[Opening Data extract section]
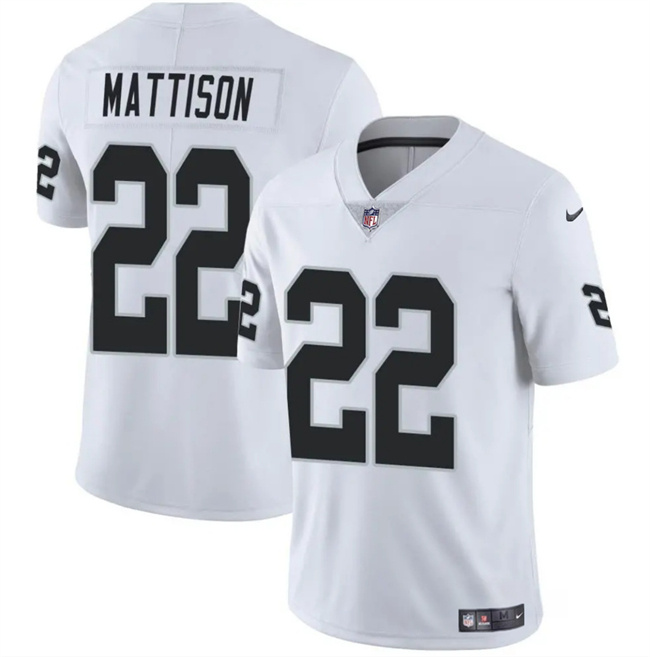 Men's Las Vegas Raiders #22 Alexander Mattison White 2024 Vapor Stitched Football Jersey Men's Las Vegas Raiders #22 Alexander Mattison White 2024 Vapor Stitched Football Jersey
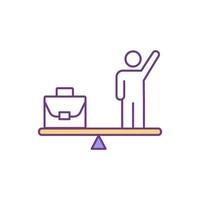 Work-life harmony color icon vector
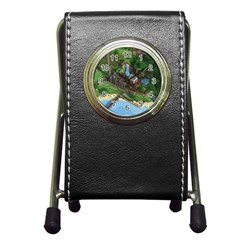 Green Village Miniature Technology Pen Holder Desk Clock by Bakwanart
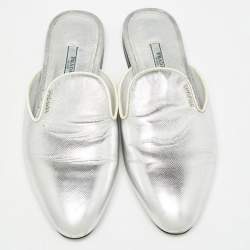 Prada Silver Leather Flat Mules Size 37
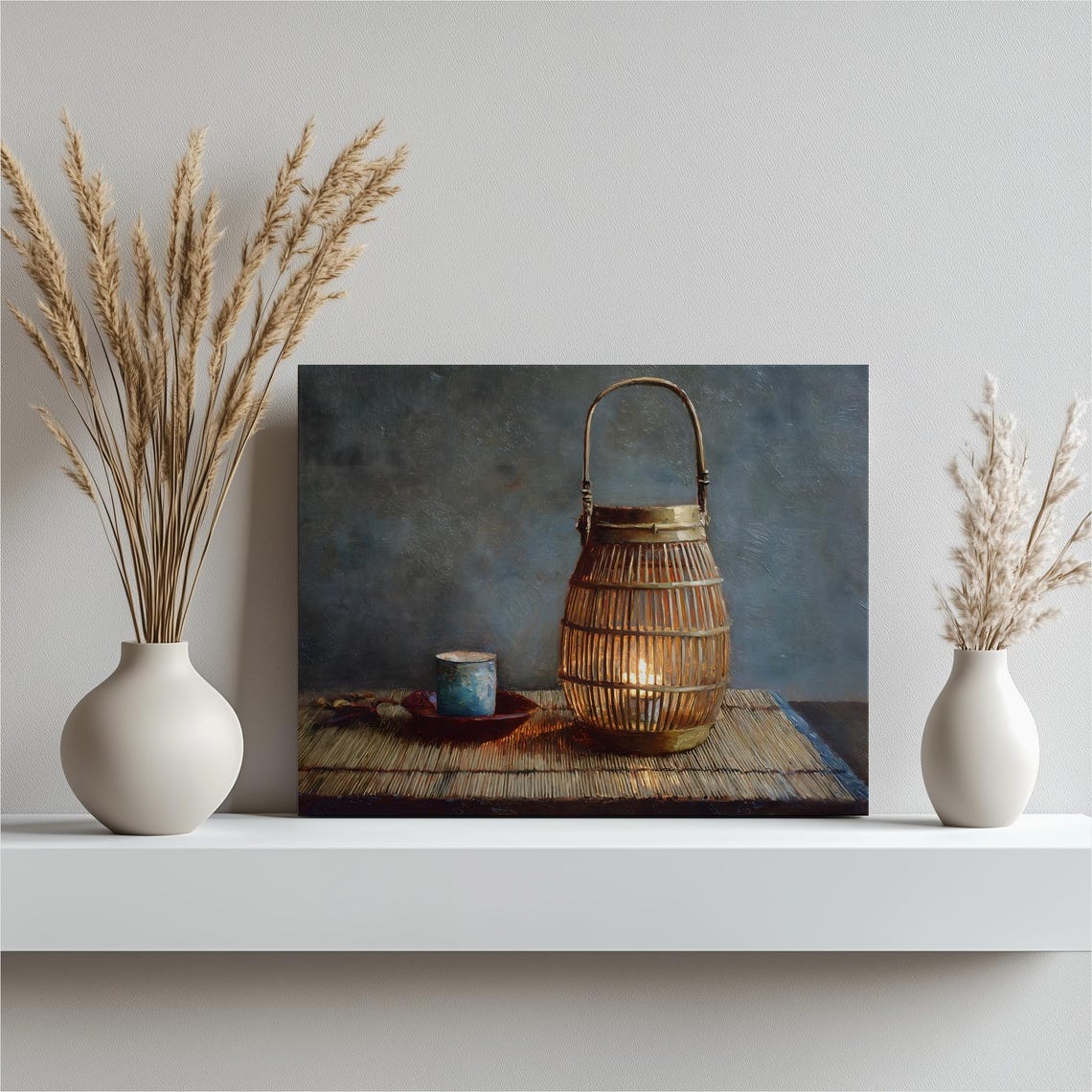 Wicker Lantern Candlelight Rustic Still Life Cozy Vintage Art Poster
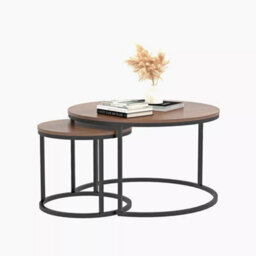 Set Of 2 Nesting Coffee Tables Round Stacking Sofa Side Tables For Living Room - thumbnail 2
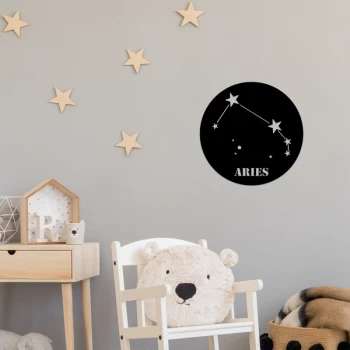 Image of Aries Horoscope - Black Decorative Metal Wall Accessory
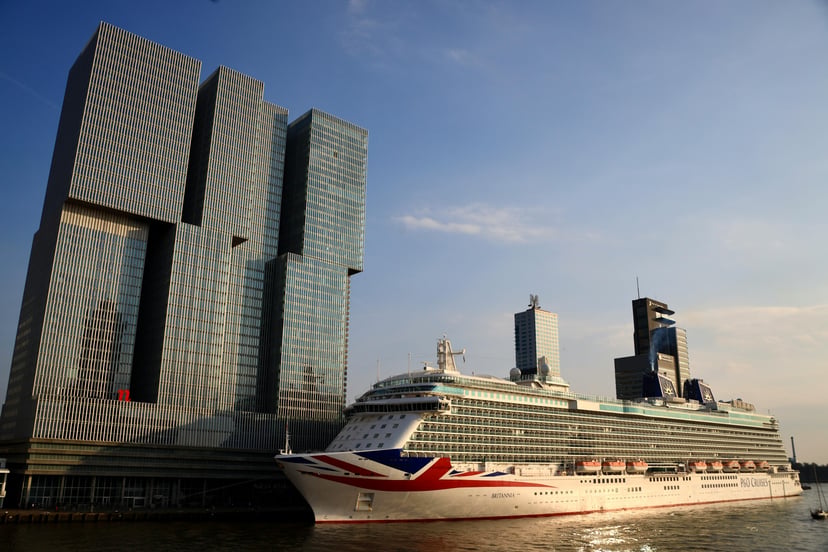 The P&O cruise ship Britannia in a port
[Closing Data extract section]
Assignment: The response must match the data line for line, from its first line through the line with "Work-life harmony color icon vector", inclusive, and must leave out the pictures.

Result:
 Men's Las Vegas Raiders #22 Alexander Mattison White 2024 Vapor Stitched Football Jersey Men's Las Vegas Raiders #22 Alexander Mattison White 2024 Vapor Stitched Football Jersey
 Work-life harmony color icon vector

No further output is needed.